Не надо думать к тому же, будто в естественных науках все сводится к наблюдению и опыту. Одна из тайн их блестящих методов – в том, что наблюдению подвергают именно то, что́ может на самом деле стать предметом наблюдения. Если хотите, это начало отрицательное, но оно сильнее, плодотворнее положительного начала. Именно этому началу обязана своим успехом новая химия; это начало очистило общую физику от метафизики и со времен Ньютона сделалось ее главным правилом и основанием ее метода. А что это означает? Не иное что, как то, что совершенство этих наук, все их могущество проистекают из уменья всецело ограничить себя принадлежащей им по праву областью. Вот и все. А с другой стороны, в чем самый процесс наблюдения? Что делаем мы, когда наблюдаем движение светил на небесном своде или движение жизненных сил в организме: когда мы изучаем силы, движущие тела или сотрясающие молекулы, из коих тела состоят; когда занимаемся химией, астрономией, физикой, физиологией? Мы делаем вывод из того, что́ было, к тому, что́ будет; связываем факты, следующие в природе непосредственно друг за другом, и выводим из этого ближайшее заключение. Вот неизбежный путь опытного метода. Но, в порядке нравственном, известно ли вам что-нибудь, что бы совершилось в силу постоянного, неотвратимого закона, по которому вы могли бы заключать, как там, от одного факта к другому и предугадывать таким образом с уверенностью последующее на основании предшествующего? Ни в коем случае. Напротив, здесь совершается все лишь в силу свободных актов воли, не связанных между собою, не подчиненных другому закону, кроме своей прихоти; одним словом, все сводится здесь к действию хотения и свободы человека. К чему послужил бы здесь метод опытный? Ровно ни к чему.

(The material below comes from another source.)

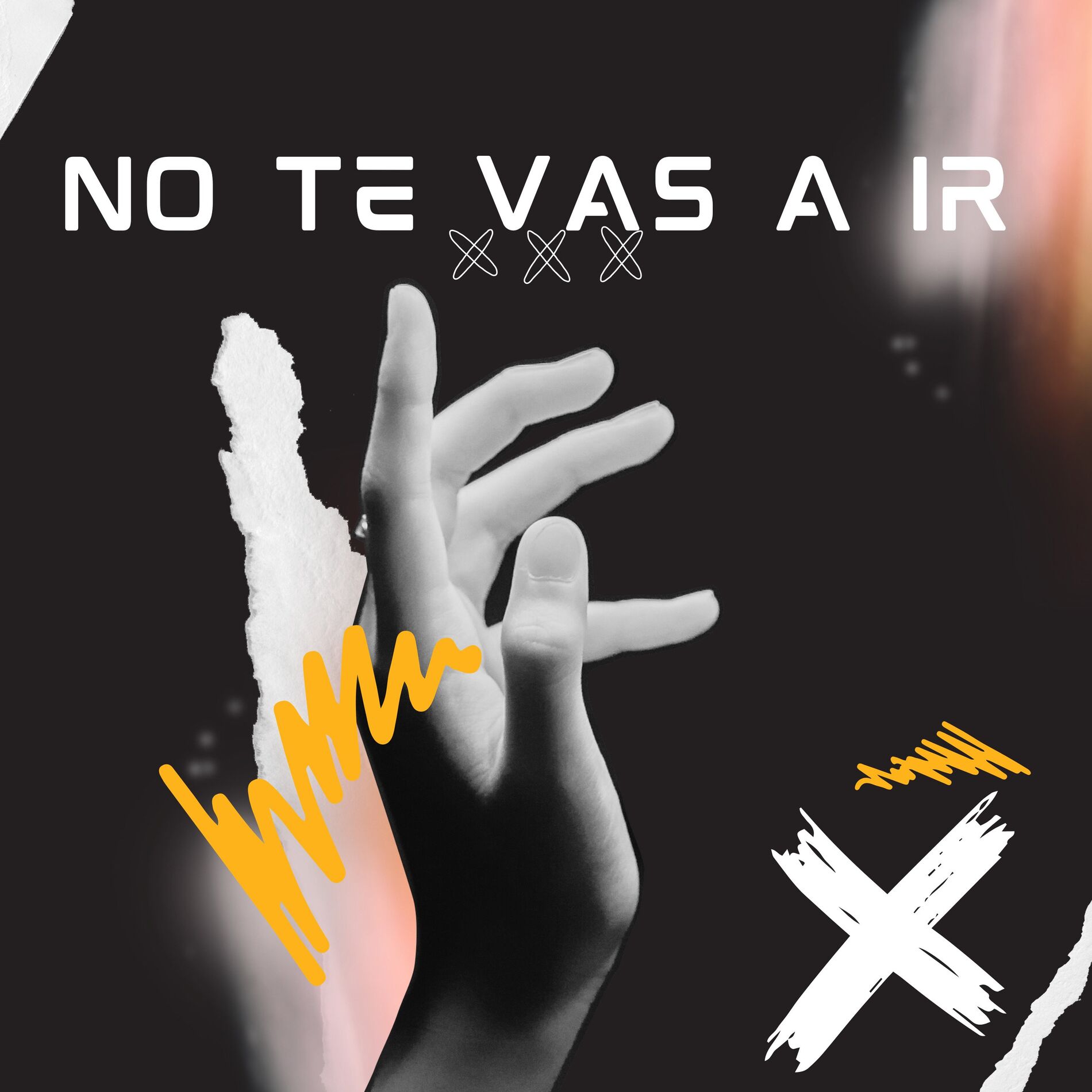Album cover of No Te Vas a Ir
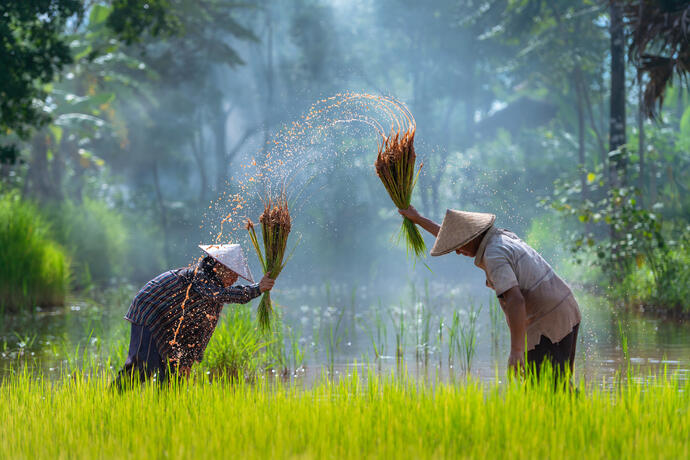 Kambodschanische Bauern bei der Reisaussaat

Вот чему, в сфере тех познаний, где ему дана возможность достигнуть своей высшей достоверности, учит нас естественный ход человеческого разума. Перейдем к поучению, которое заключается в самом содержании этих познаний.

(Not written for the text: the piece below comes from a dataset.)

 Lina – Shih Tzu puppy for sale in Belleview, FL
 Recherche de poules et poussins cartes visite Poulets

Положительные науки были, разумеется, всегда предметом изучения, но, как вы знаете, лет сто тому назад они сразу возвысились до теперешнего их состояния. Три открытия сообщили им толчок, вознесший их на эту высоту: анализ– создание Декарта, наблюдение – создание Бэкона и небесная геометрия – создание Ньютона. Анализ ограничивается областью математики и нас здесь не касается; заметим только, что он вызвал приложение начала необоснованной принудительности к нравственным наукам, а это сильно повредило их успехам. Новый способ изучать естественные науки, открытый Бэконом, имеет величайшую важность для всей философии, ибо этот метод придал ей эмпирическое направление, а оно надолго определило весь строй современной мысли. Но в настоящем нашем исследовании нас особенно занимает закон, в силу которого все тела тяготеют к одному общему центру; этим законом мы и займемся.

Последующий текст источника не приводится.